Call me certifiably insane (and most of my closest friends would), but I think to hope is better than to have complete certainty. If we have outlined our lives down to the minute we die and the way it happens, we leave no room for, sheesh, error, happy accidents, our brightest moments, small joys, being taken aback, real revelation. 


Of course I have ideas of what comes next. But it sure as hell isn't written in stone, to which we all can knowingly attest. EXIBIT A: THE APRON IS GREEN. I've been wrong before, and I've been surprised continuously. We're so antsy to get moving, and while most people would take one look at our circumstances and not blame us one bit for our urge to run, perhaps there's something more to be said for the now, instead of our constant focus on what tomorrow brings. Everything being so smocked in symbolism like it always is, so over-ridden with huge purpose and what does it all MEAN ten years from now and for ETERNITY, which, by the way, we have no fucking way of knowing or controlling. The best-laid plans get turned upside-down and over again in a moment, in the single blink of one eye, any eye, every second a new thing stands up and bares its teeth and refuses to cooperate with what we had in mind. 

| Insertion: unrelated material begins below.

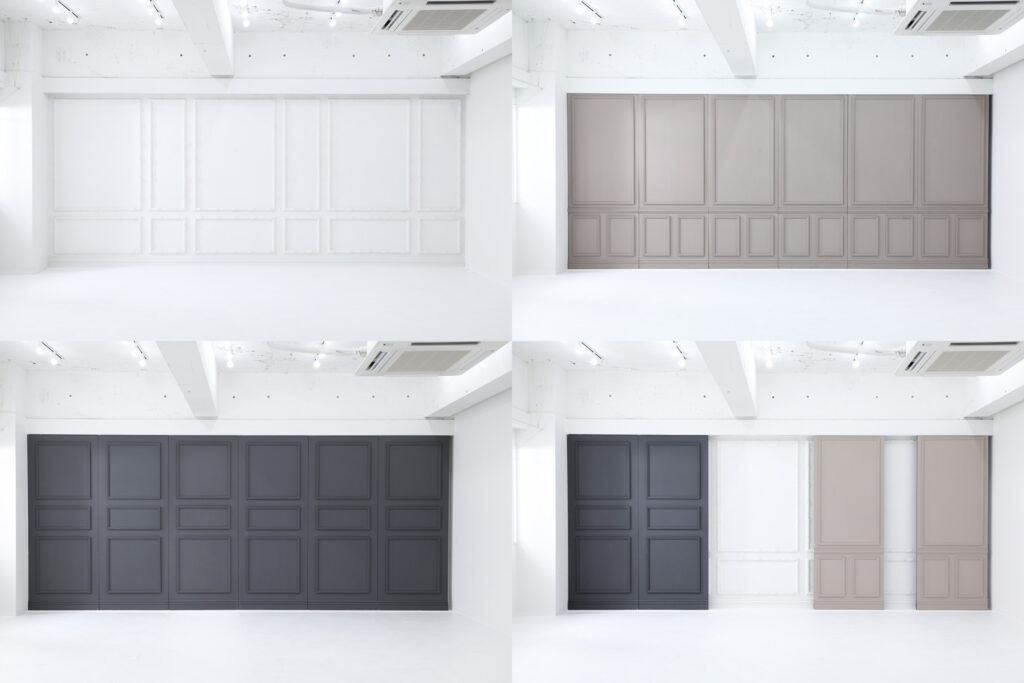 フォックステイル。モールディング壁パターン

So? Fine. And it's a totally different perspective than one normally encouraged to take in this scenario, in this particular country and society anyway, where everything is measured in visible success, by the thickness of your hair, how smooth your manipulative skills, how punctual you are, how educated. Everything is seen as a stepping stone toward your life, rather than your actual life itself, a moment only to ask, "When will you do better?" or "When will you make more?" No one will think you have arrived until you no longer sweat the price of things, of all things, because you HAVE all things. This is happiness? 


I'm not sure of it. Rather, I would imagine it all turns out to be a shame. And frankly, a huge fucking waste. Because your life will never manage to live up to everything you expect out of it. That fact doesn't deny us our right to dream, but I think it can ground us in the present, which I have to (HAVE TO) believe is more important than what might or might not happen to us someday, or never at all. Knowing that, really knowing it, can in many ways be so much more valuable to us, can be our real sense of freedom, can make us see that what we have before us is so much better than anything we may have previously thought up. 


Again, the crazy-calling is something I can take. I'm learning this even as I now write it, and even when I'm through I will have miles to go. It's something that will require a sense of diligence I have admittedly yet to master, but if I have made it out so far, there is no sense to refusing now to continue to grow, to be the flowering in the sandy sidewalk cracks, to make the most of the least of it all.